第6話 「コントロール −control−」

とても二十分程の出来事とは思えないほどに密度のある展開。特に強い印象に残るシーンや際立った技術に感心することもないのだが、構成や演出が上手く、内容の要求する表現は十分に行われていたと思う。
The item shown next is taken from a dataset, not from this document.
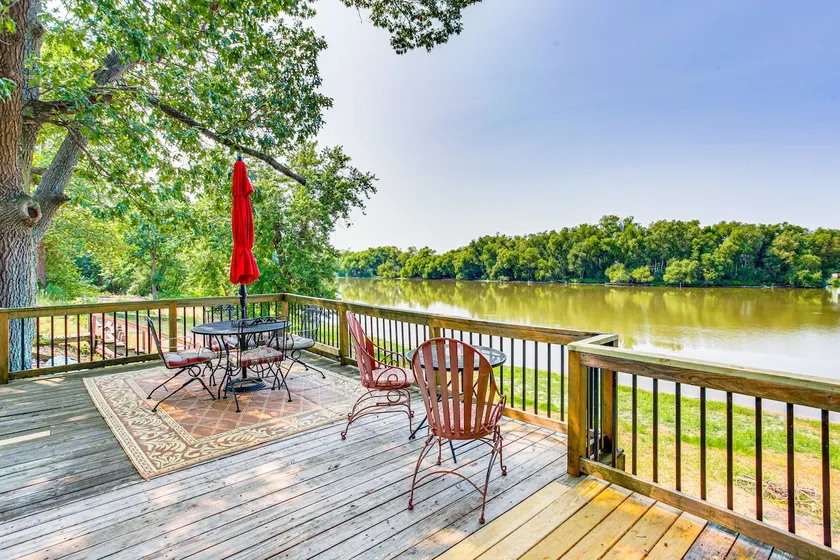 Lakefront Cabin w/ Patio in Havana! - Image 1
前半は基地とロケットの間のやり取りは、過剰に恐怖や混乱を見せることなく地道に状況の推移を描いていくことによって、基地の人々の緊張感とゆかりが恐怖に陥って行く様が見事に表されていた。多少よくわからない専門用語も交えてるのはリアリティがあって良かったし、しかしそれがロボットアニメに良くある単にかっこいいだけのセリフにもなっていないのもリアルさを助けていた。とはいっても内容に関しては素人でも十分についていけるもの。派手さのない音楽、ひたすら交互に繰返される基地とロケットの音響効果。そういった地味なリアルさで描かれてきたものだからこそ、万策尽きてしまった時の絶望感も非常によくわかるものだった。

後半はゆかりが酸素が薄くなる中絶望に陥って行くシーンが十分な尺をとって、さらに気の利いた回想シーンも交えて描かれていて本当に良かった。最後に基地の人のゆかりたちの無事を喜ぶシーンがないところや、母親や学校の人たちが心配するシーンが短く済まされてしまったところなどから、構成がきつきつなのは明白で、その中でこれだけの尺をとってこのシーンを描いたのは見事な選択。ゆかりとマツリが抱き合うシーンは、特殊な趣味を持つ人は悶絶死しただろうが、姉妹の心が通じ合ったシーンとして素直に感動しましたよ僕は。ラストの突入時にマツリの表情をあえて映さないのも粋な演出で良かった。800キロってものすごく辛かったはず。どんな表情してたんだろう?

他にも僕の気付かない「保守的」なアニメの技術が大量に使われていたんだろう。キャラも演出も設定も地味なので誰も騒いだりはしないだろうけど、ゆかりが父親を探しにし来てから宇宙飛行に成功するまで、こんなに短い時間でよくここまでリアルで感動的な話を作ったものだと思う。1クールでもダメな作品が多いのにこれは半クールですよ。